- [AIM OF THE EXERCISE]
Return only that part of the material below which starts with the line containing "KaamGenie crew cleaning" and goes on through the line containing "Menteri Luar Negeri", restated exactly.

- [DATA IN THIS EXERCISE]
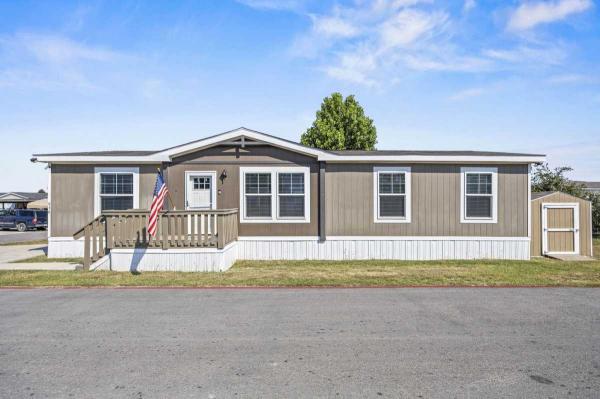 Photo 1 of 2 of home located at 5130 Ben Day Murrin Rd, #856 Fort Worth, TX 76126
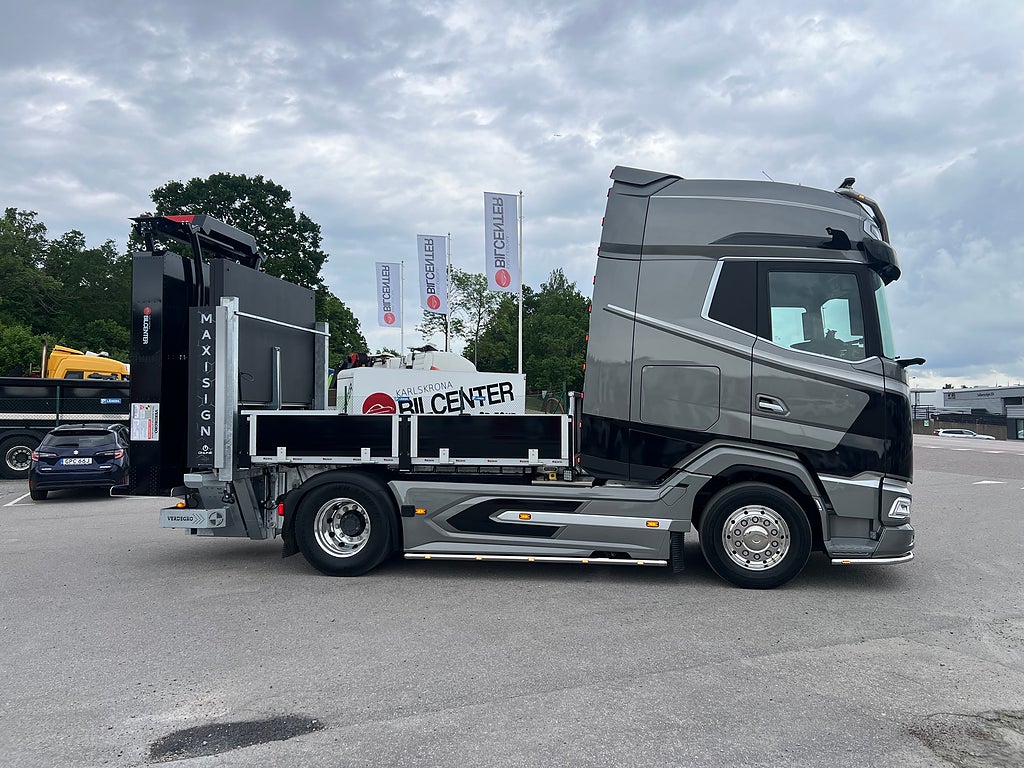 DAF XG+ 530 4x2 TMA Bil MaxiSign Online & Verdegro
...
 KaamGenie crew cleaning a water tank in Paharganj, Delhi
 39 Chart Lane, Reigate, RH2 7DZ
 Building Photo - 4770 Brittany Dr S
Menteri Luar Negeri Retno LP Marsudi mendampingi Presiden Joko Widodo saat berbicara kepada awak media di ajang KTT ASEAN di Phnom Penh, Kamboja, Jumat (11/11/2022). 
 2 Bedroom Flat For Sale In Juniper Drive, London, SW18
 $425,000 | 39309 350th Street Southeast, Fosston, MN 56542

- [ANSWER BOX]
 KaamGenie crew cleaning a water tank in Paharganj, Delhi
 39 Chart Lane, Reigate, RH2 7DZ
 Building Photo - 4770 Brittany Dr S
Menteri Luar Negeri Retno LP Marsudi mendampingi Presiden Joko Widodo saat berbicara kepada awak media di ajang KTT ASEAN di Phnom Penh, Kamboja, Jumat (11/11/2022). 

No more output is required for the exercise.